Many of us feel an innate need to make contributions to tax advantaged retirement plans every year. When it comes to personal finance, much of what we read, hear, and see in the media centers on plowing money into your 401k every single year, no matter what.
In general it’s great advice. Save early and often, and take advantaged of tax deferred compound income. And if you’re lucky, your employer might match your contributions or make a profit sharing contribution. If we’re going to build up enough savings to sustain our lifestyle through retirement, this makes perfect sense.
Every once in a while I’ll speak with an entrepreneur who is really working hard to build their business, but they can’t quite scratch together enough cash to fund their retirement plan for the year. They’re putting all their effort into their company and things are still just a bit tight financially.
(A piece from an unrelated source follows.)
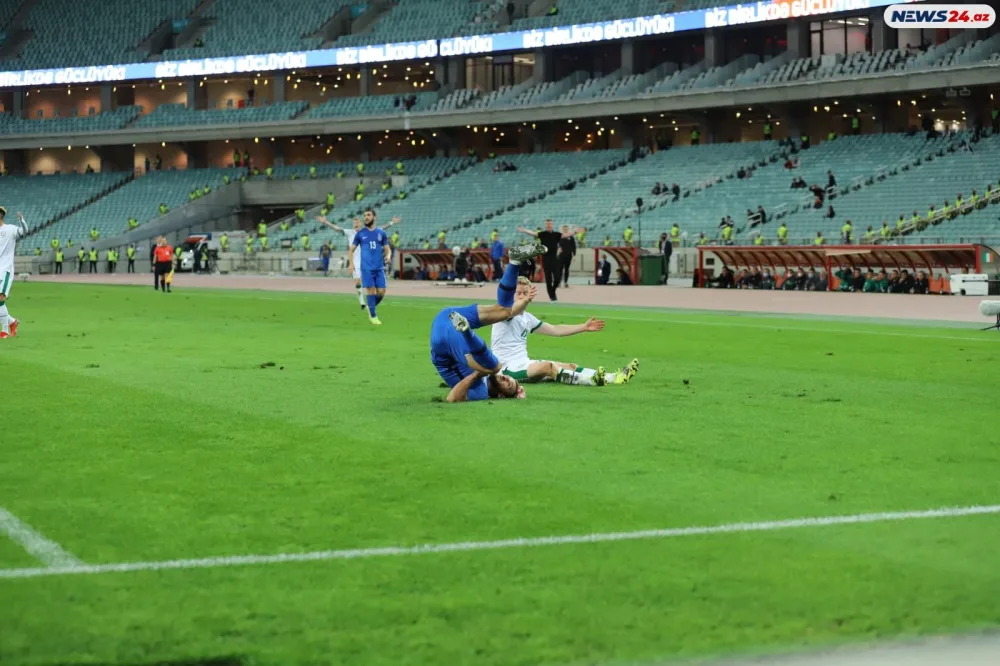 Azərbaycan millisi - DARMADAĞIN OLDU - FOTO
They feel like they should be contributing to the 401k they set up for themselves and their employees, but they can’t quite pull the funds together to do so.
For many business owners I speak with, the fact that they can’t fund their 401k for the year makes them feel inadequate. Like they’re not good at their job. Like they’re unsuccessful.
I wanted to write a post on this topic because entrepreneurs who feel this way are missing the forest from the trees. Regardless of whether you contribute to a retirement plan in a certain year, it’s far more important to sustain & grow your business. Because if you can find a way to grow your business each year, the increased value in your ownership stake will dwarf what you could ever contribute to 401k!
It’s OK to Skip a Few 401(k) Contributions
Aswath Damodaran is a professor at NYU who teaches corporate finance, investing, and business valuation. He publishes estimates of EBITDA multiple benchmarks for use by his students, and anyone else who’s interested. EBITDA is an accounting measure that stands for “earnings before interest, taxes, depreciation, or amortization”. It’s a decent proxy for free cash flow, and is often used in quick and dirty business valuations.
For example, let’s say your business does $350,000 in revenue one year. If your costs & operating expenses totaled $250,000, you’d be left with EBITDA of $100,000. Here are Professor Damodaran’s valuation estimates for 2018. The list of multiples ranges from 5-6x EBITDA on the low end to nearly 20x on the high end. Meaning, it’s very possible that a business with $100,000 in recurring annual EBITDA is worth at least $500,000 ($100,000 * 5).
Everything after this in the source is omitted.